RAW DATA:
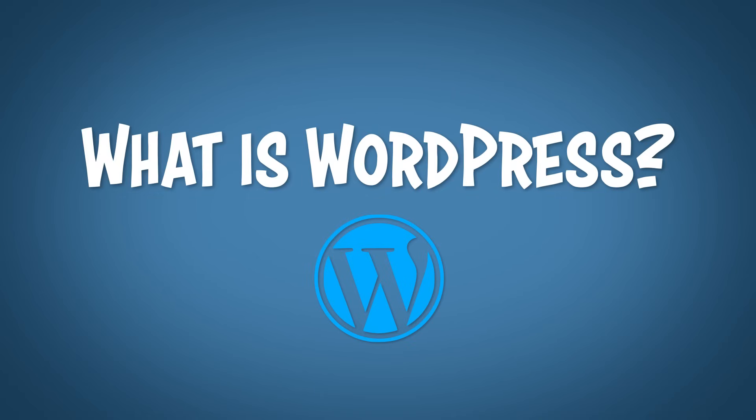What's up guys? So if you're watching this video, it's probably because you've heard of the name WordPress and you're looking to start your first website. If that's the case, then I highly recommend sticking around until the end of the video. But first, let's answer the question of what is WordPress.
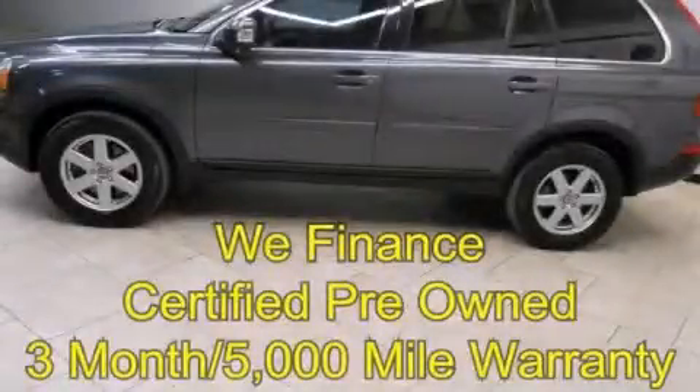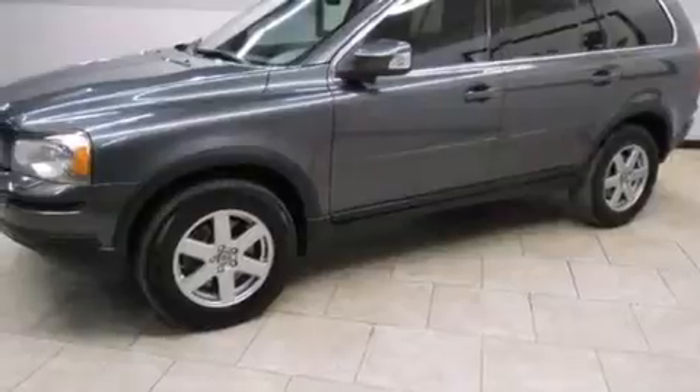This is a 2008 Volvo XC90, a great fit and finish. It has a 3.2-liter six-cylinder engine, an automatic transmission, and all-wheel drive.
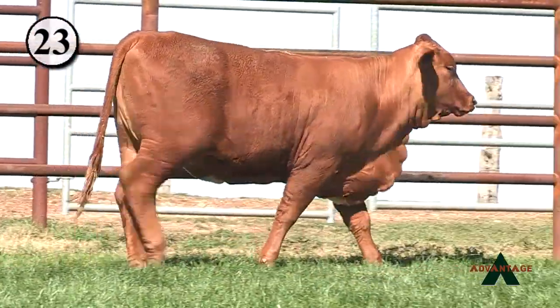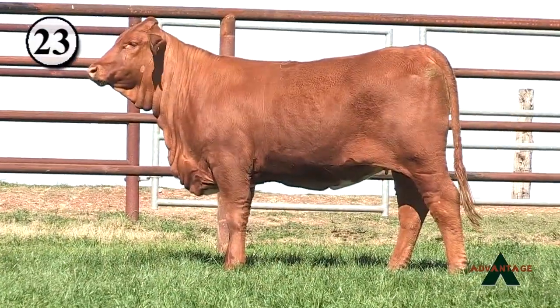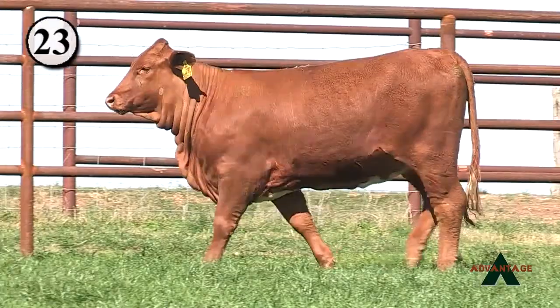Lot 23 from Collier Farms, this is out of the Tiger J Bull, Tiger 2 right out of Jezebel there. Again, anytime you can get Jezebel in your program, you want to do it, backed up with Blackjack 21.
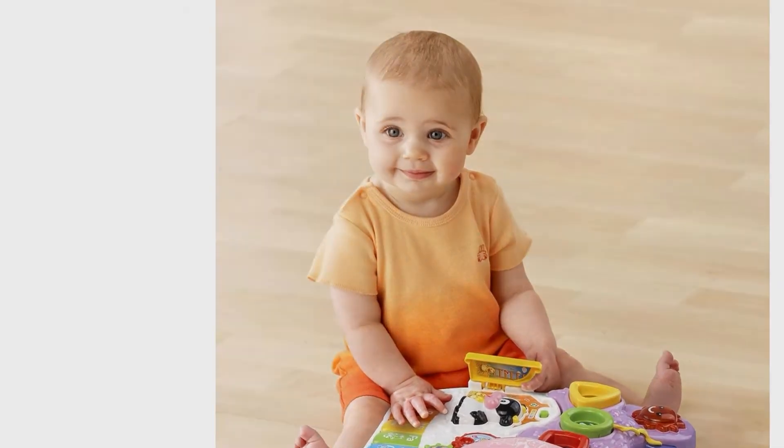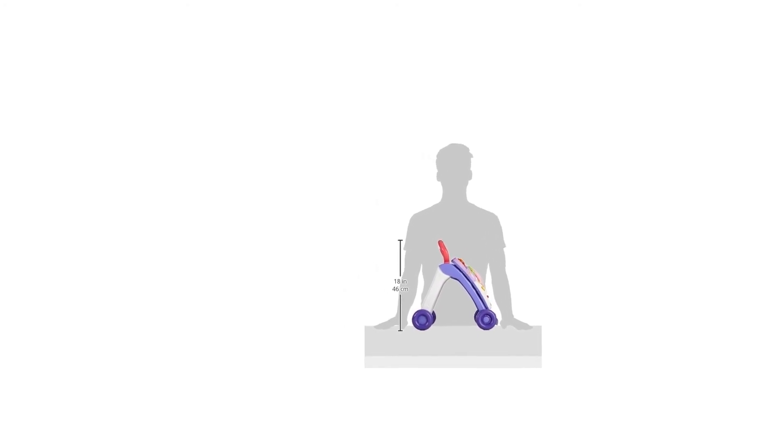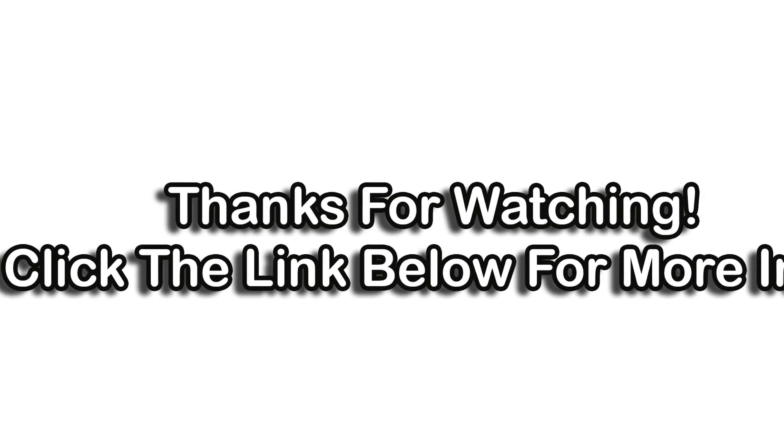The sit-to-stand learning walker keeps baby on track, teaching shapes, colors, animals, music, and more. For more info and special discounts, please click the link below.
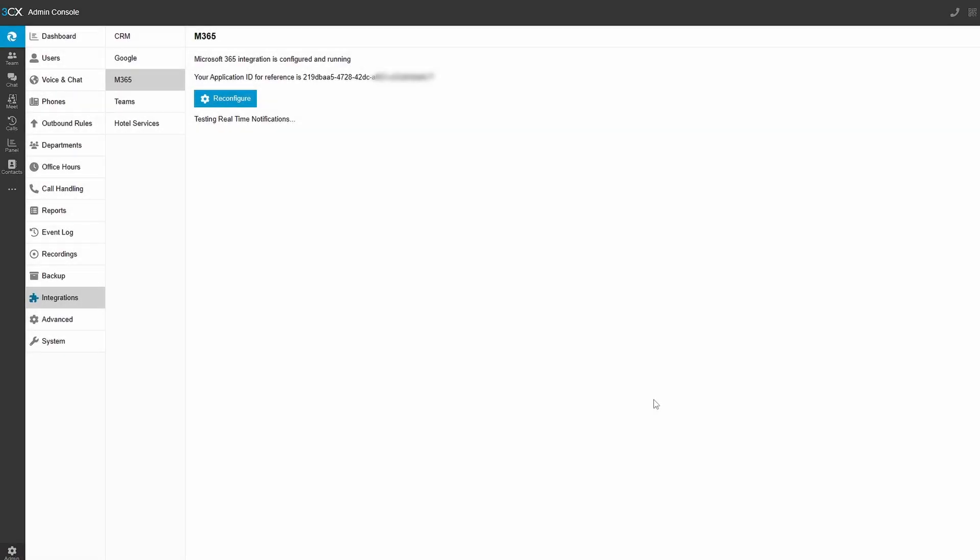When it reloads into the 3CX admin interface, it shows you the application ID for your configuration. This corresponds to an enterprise application registration in your Azure Entra ID, as is the same for any time you grant an application access into your user or tenant in Microsoft 365, using a process similar to the one you've seen here.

YOUR OBJECTIVE: Please return the full listing exactly as given, with the images left out.

RESPONSE TO THIS EXERCISE:
What's up guys? So if you're watching this video, it's probably because you've heard of the name WordPress and you're looking to start your first website. If that's the case, then I highly recommend sticking around until the end of the video. But first, let's answer the question of what is WordPress.
This is a 2008 Volvo XC90, a great fit and finish. It has a 3.2-liter six-cylinder engine, an automatic transmission, and all-wheel drive.
Lot 23 from Collier Farms, this is out of the Tiger J Bull, Tiger 2 right out of Jezebel there. Again, anytime you can get Jezebel in your program, you want to do it, backed up with Blackjack 21.
The sit-to-stand learning walker keeps baby on track, teaching shapes, colors, animals, music, and more. For more info and special discounts, please click the link below.
When it reloads into the 3CX admin interface, it shows you the application ID for your configuration. This corresponds to an enterprise application registration in your Azure Entra ID, as is the same for any time you grant an application access into your user or tenant in Microsoft 365, using a process similar to the one you've seen here.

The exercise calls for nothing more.